> _What the task requires_
The answer must be every entry below, word for word, with the pictures left out.

> _Records_
____
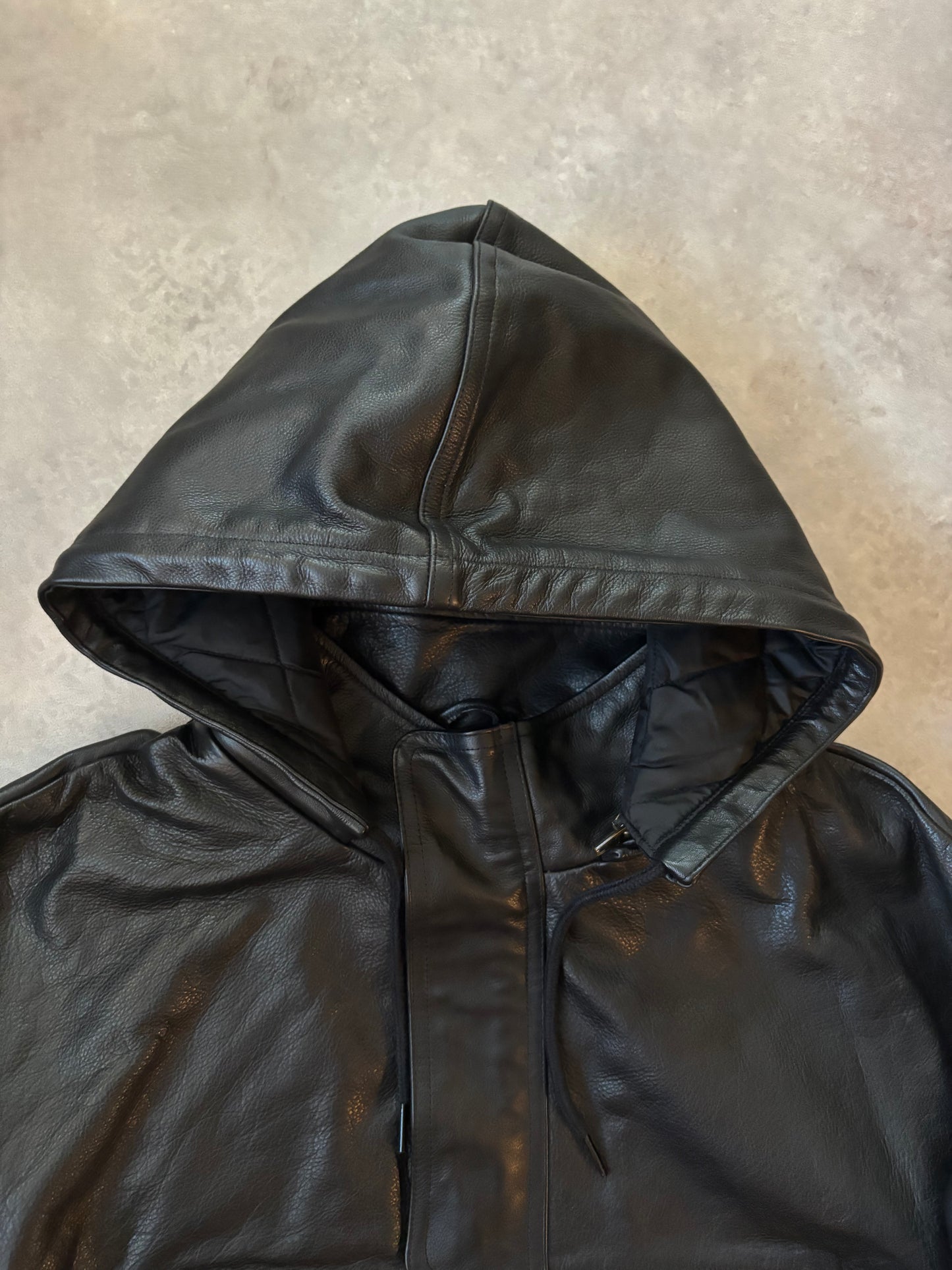 Supreme x Nike Leather Anorak (Str. S)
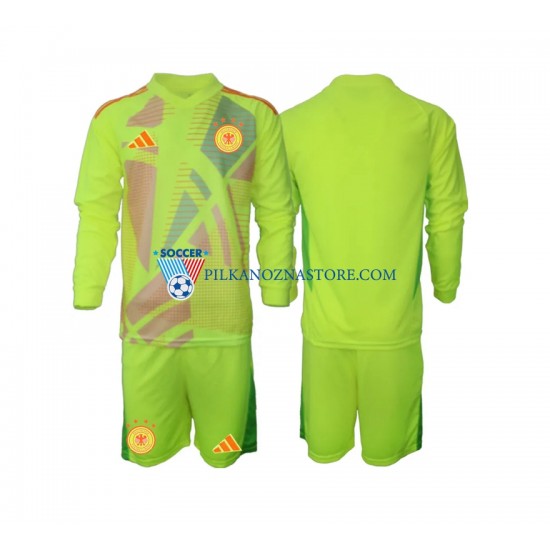 Strój Bramkarski Niemcy dla Dzieci Koszulka Wyjazdowy Euro 2024 Długie Rękawy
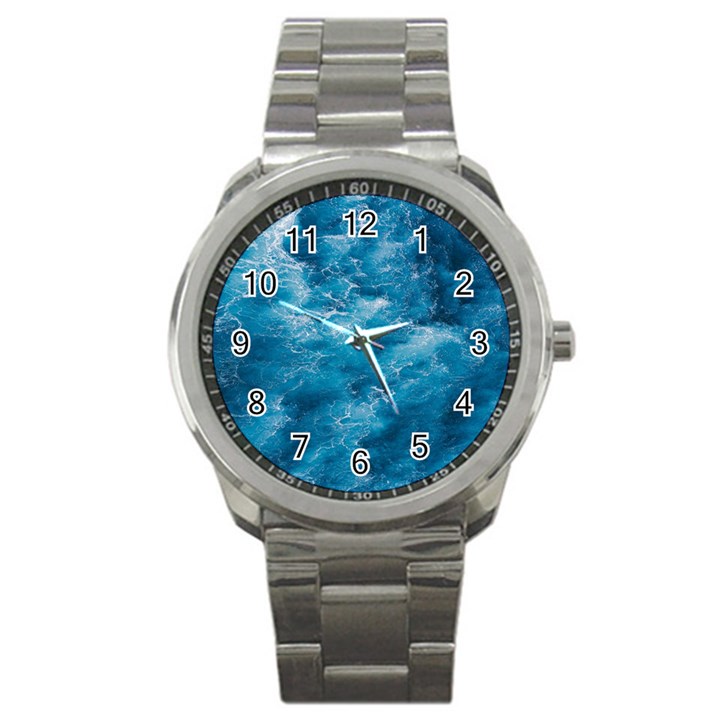 Blue Water Speech Therapy Sport Metal Watch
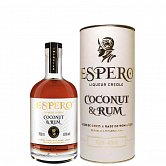 Espero Coconut & Rum 40% 0,7l (tuba)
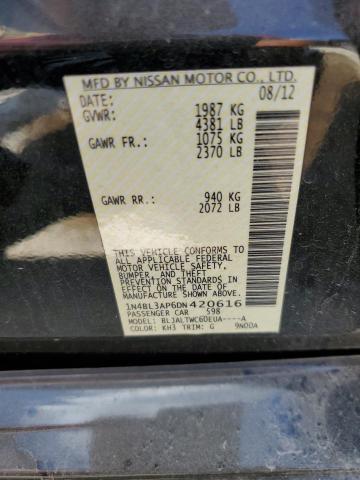 Photo 10 from auction – 2013 NISSAN ALTIMA 3.5 with VIN 1N4BL3AP6DN420616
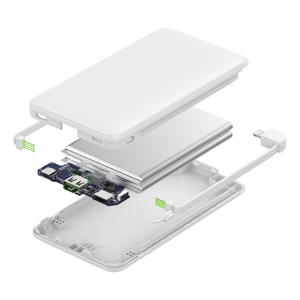 2025 New Private <strong>Design</strong> Dual Built in Cable Power Bank 10000mAh Ultra Thin High Speed Battery Pack - Product Image 5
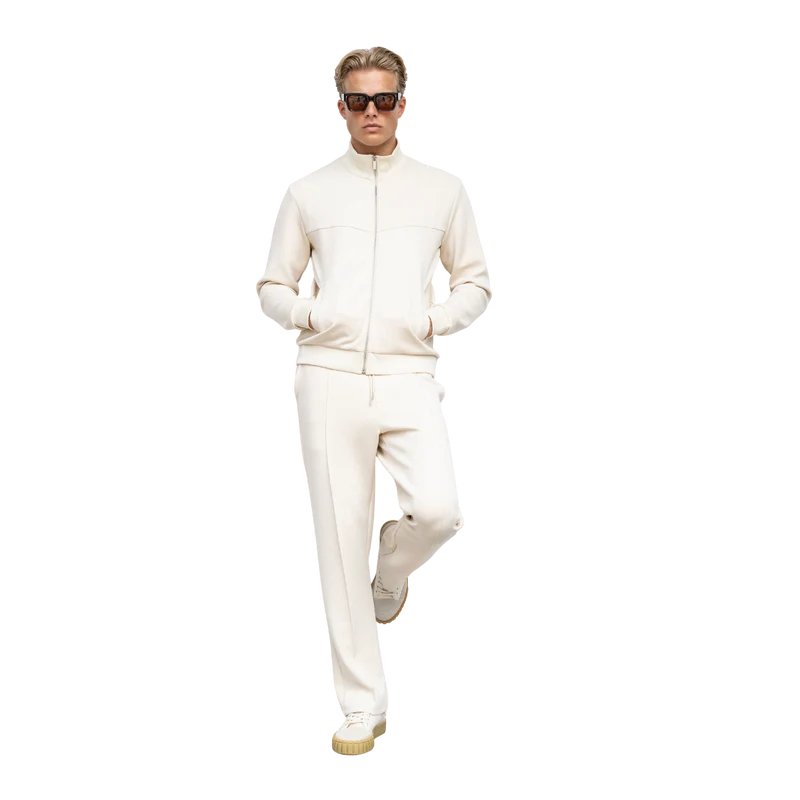 Akino Track Pants - Ecru
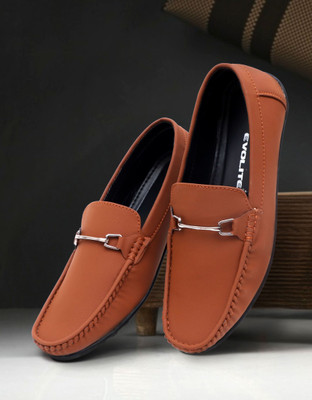 Evolite Loafers For Men(Tan , 9)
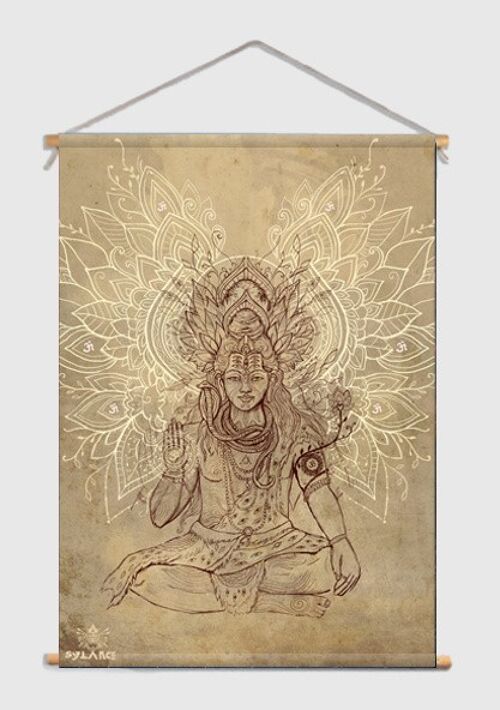 Shiva limited edition Textielposter - L 90 x 120 cm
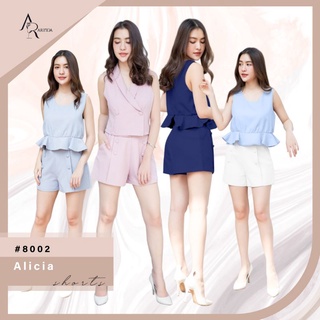 ARINDA Alicia Shorts 8002 :  กางเกงขาสั้น กระดุมแต่ง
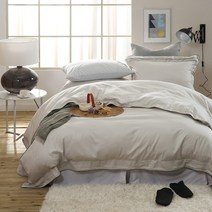 [플로라] 모달프렌치 프리미엄 모달코튼 이불커버 단품 Q, 색상:화이트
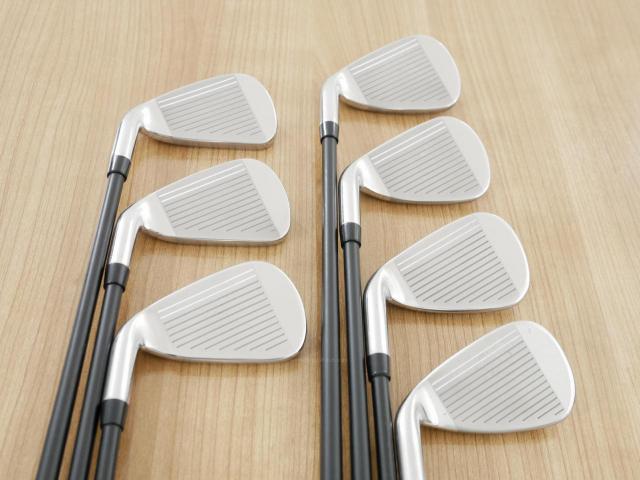 Iron set : Callaway : ชุดเหล็ก Callaway Rogue ST Max (ออกปี 2022 ตีง่าย ไกลมาก) มีเหล็ก 5-Pw,Aw (7 ชิ้น) ก้านกราไฟต์ Fujikura VENTUS 5 Flex R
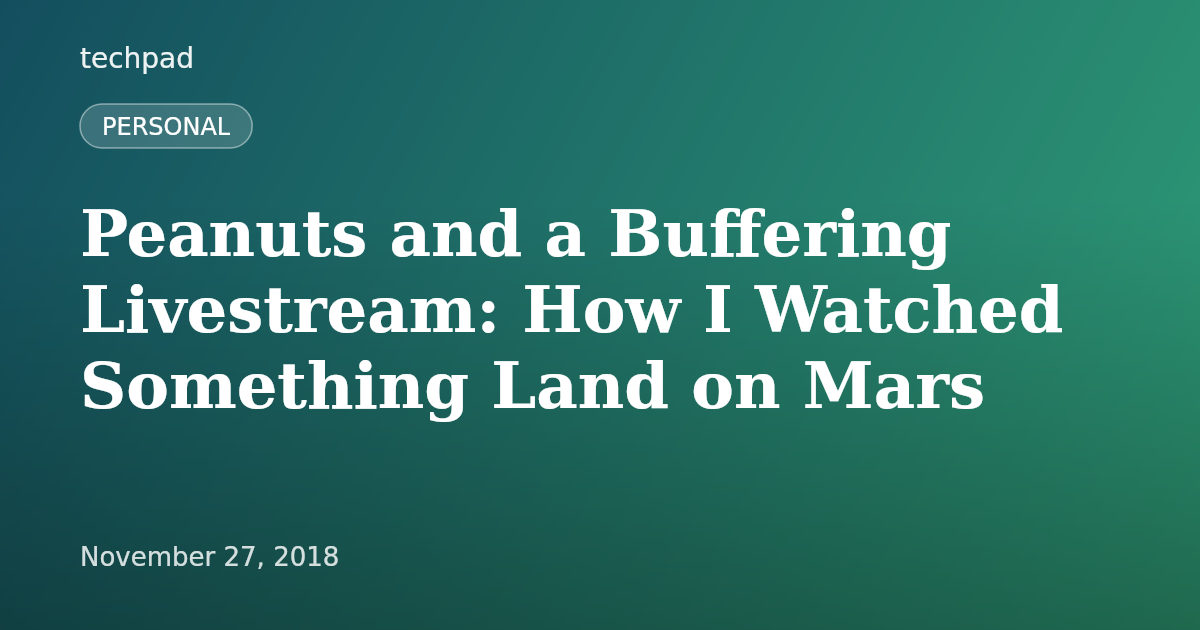 Peanuts and a Buffering Livestream: How I Watched Something Land on Mars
____
> _Output of the task_
 Supreme x Nike Leather Anorak (Str. S)
 Strój Bramkarski Niemcy dla Dzieci Koszulka Wyjazdowy Euro 2024 Długie Rękawy
 Blue Water Speech Therapy Sport Metal Watch
 Espero Coconut & Rum 40% 0,7l (tuba)
 Photo 10 from auction – 2013 NISSAN ALTIMA 3.5 with VIN 1N4BL3AP6DN420616
 2025 New Private <strong>Design</strong> Dual Built in Cable Power Bank 10000mAh Ultra Thin High Speed Battery Pack - Product Image 5
 Akino Track Pants - Ecru
 Evolite Loafers For Men(Tan , 9)
 Shiva limited edition Textielposter - L 90 x 120 cm
 ARINDA Alicia Shorts 8002 :  กางเกงขาสั้น กระดุมแต่ง
 [플로라] 모달프렌치 프리미엄 모달코튼 이불커버 단품 Q, 색상:화이트
 Iron set : Callaway : ชุดเหล็ก Callaway Rogue ST Max (ออกปี 2022 ตีง่าย ไกลมาก) มีเหล็ก 5-Pw,Aw (7 ชิ้น) ก้านกราไฟต์ Fujikura VENTUS 5 Flex R
 Peanuts and a Buffering Livestream: How I Watched Something Land on Mars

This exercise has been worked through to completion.